**MATERIAL FOR THIS EXERCISE**
==========

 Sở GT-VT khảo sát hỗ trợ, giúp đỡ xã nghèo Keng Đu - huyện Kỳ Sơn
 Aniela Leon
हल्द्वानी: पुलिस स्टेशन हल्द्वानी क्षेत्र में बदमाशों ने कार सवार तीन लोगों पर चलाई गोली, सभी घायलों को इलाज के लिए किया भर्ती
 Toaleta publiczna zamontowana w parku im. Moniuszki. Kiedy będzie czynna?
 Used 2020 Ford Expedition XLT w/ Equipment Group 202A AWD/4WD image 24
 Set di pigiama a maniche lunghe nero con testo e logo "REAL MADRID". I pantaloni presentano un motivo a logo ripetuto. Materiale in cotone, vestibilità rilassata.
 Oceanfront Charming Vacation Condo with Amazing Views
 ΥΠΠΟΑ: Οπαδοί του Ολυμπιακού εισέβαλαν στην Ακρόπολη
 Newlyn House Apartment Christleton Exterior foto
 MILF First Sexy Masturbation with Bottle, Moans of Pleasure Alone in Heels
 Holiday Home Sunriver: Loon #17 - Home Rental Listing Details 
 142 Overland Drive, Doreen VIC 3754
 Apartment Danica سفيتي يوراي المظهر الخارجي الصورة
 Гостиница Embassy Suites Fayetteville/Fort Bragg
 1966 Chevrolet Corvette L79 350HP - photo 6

==========

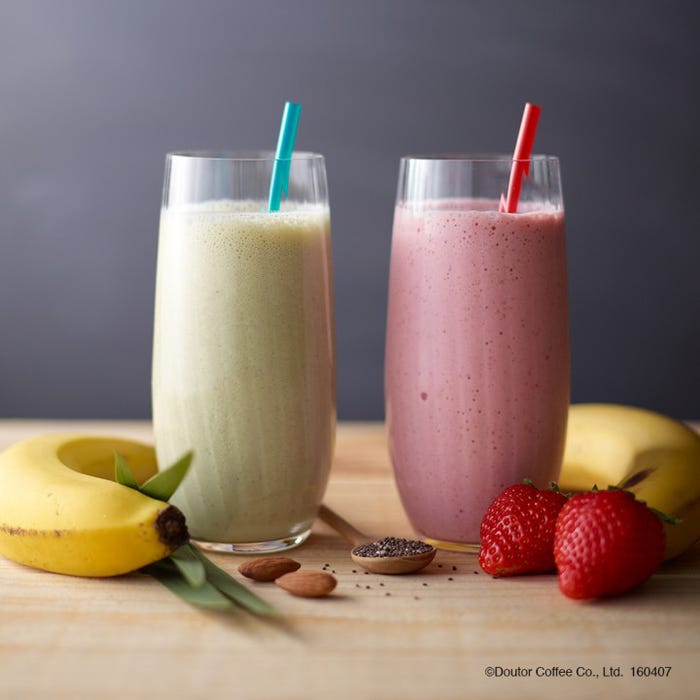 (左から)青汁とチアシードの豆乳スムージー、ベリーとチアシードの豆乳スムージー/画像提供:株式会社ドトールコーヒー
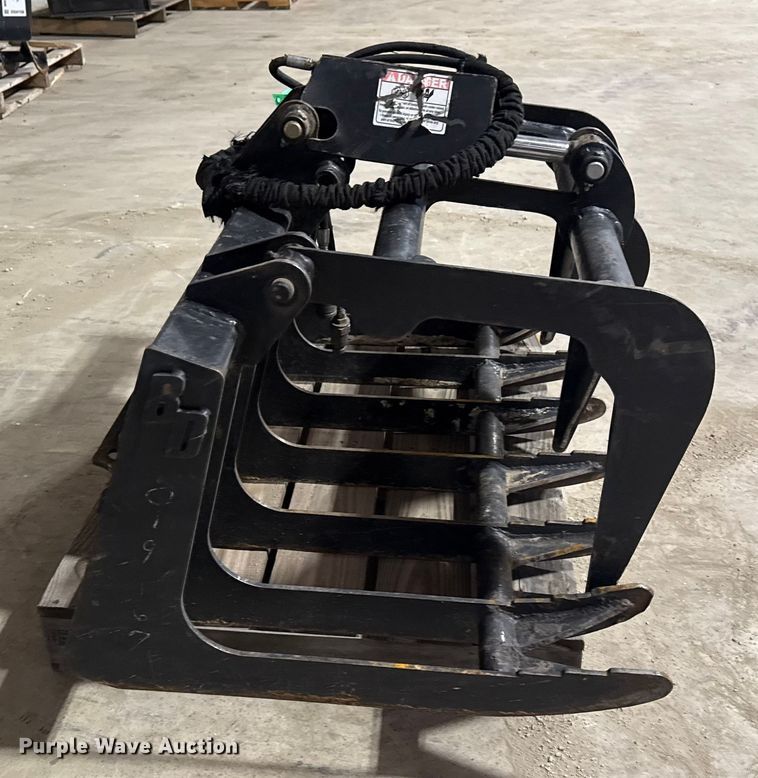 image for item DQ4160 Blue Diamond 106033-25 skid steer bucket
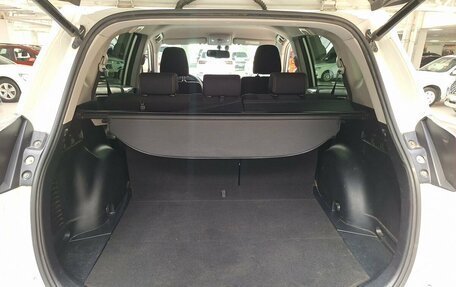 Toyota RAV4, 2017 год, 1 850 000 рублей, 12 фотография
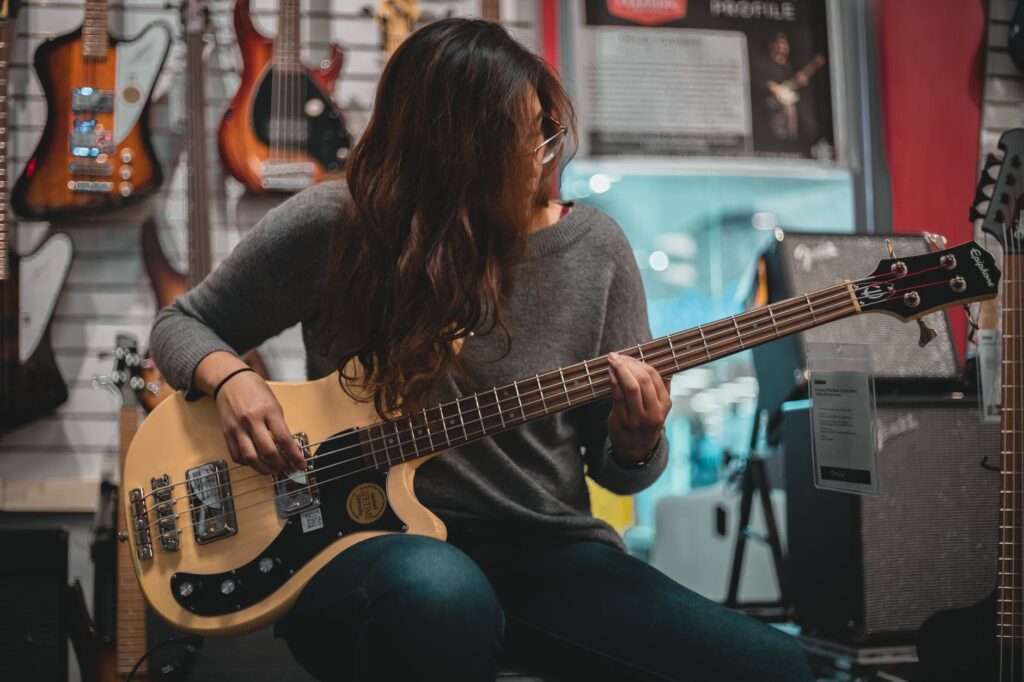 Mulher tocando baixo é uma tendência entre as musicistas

==========

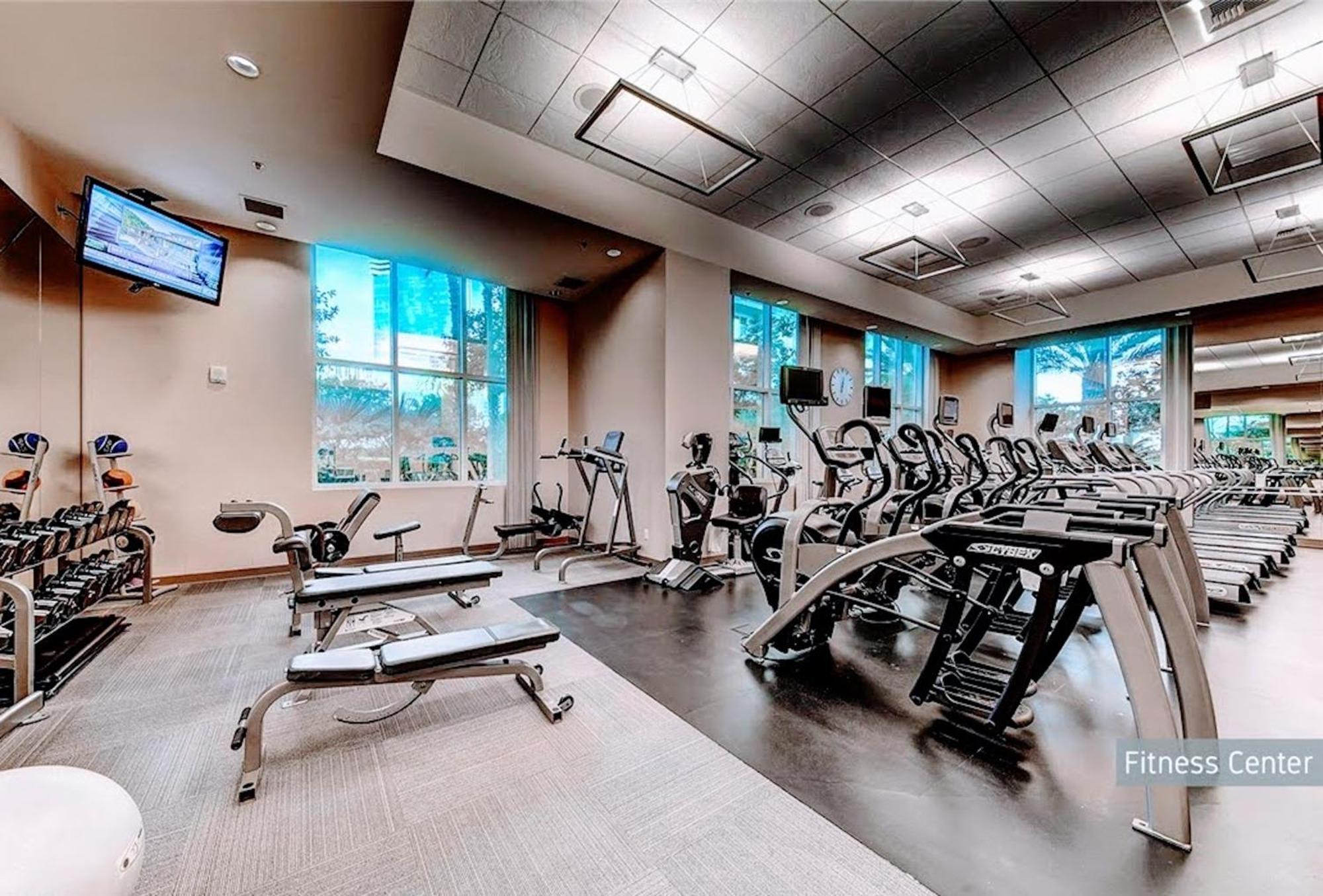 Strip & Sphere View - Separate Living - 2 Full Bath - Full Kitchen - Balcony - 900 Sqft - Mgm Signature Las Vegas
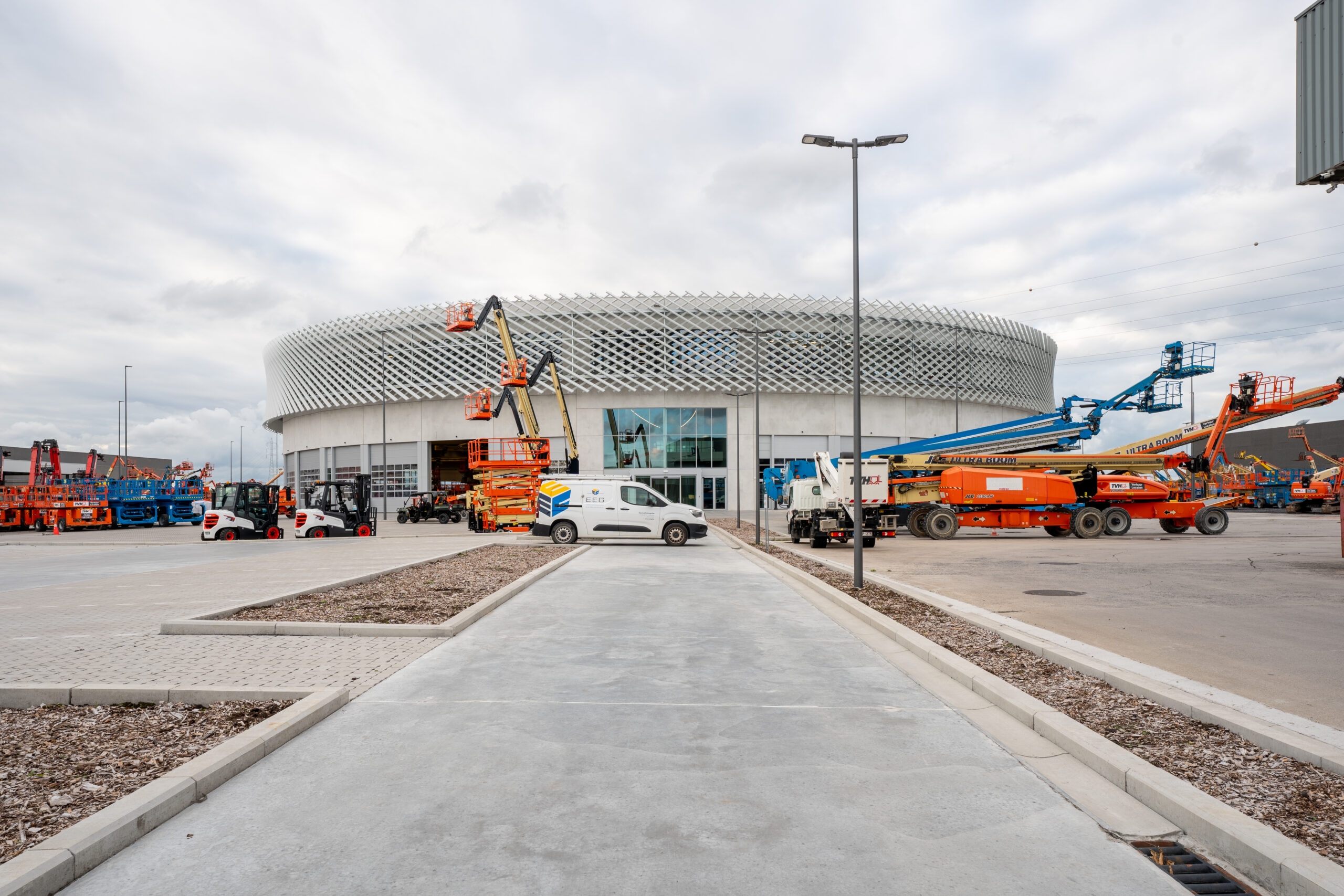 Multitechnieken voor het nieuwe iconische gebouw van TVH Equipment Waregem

==========

**TASK**
Across all of the material above, how many lines contain the word "Apartment"? Only the number should be given.

**ANSWER TO THIS TASK**
2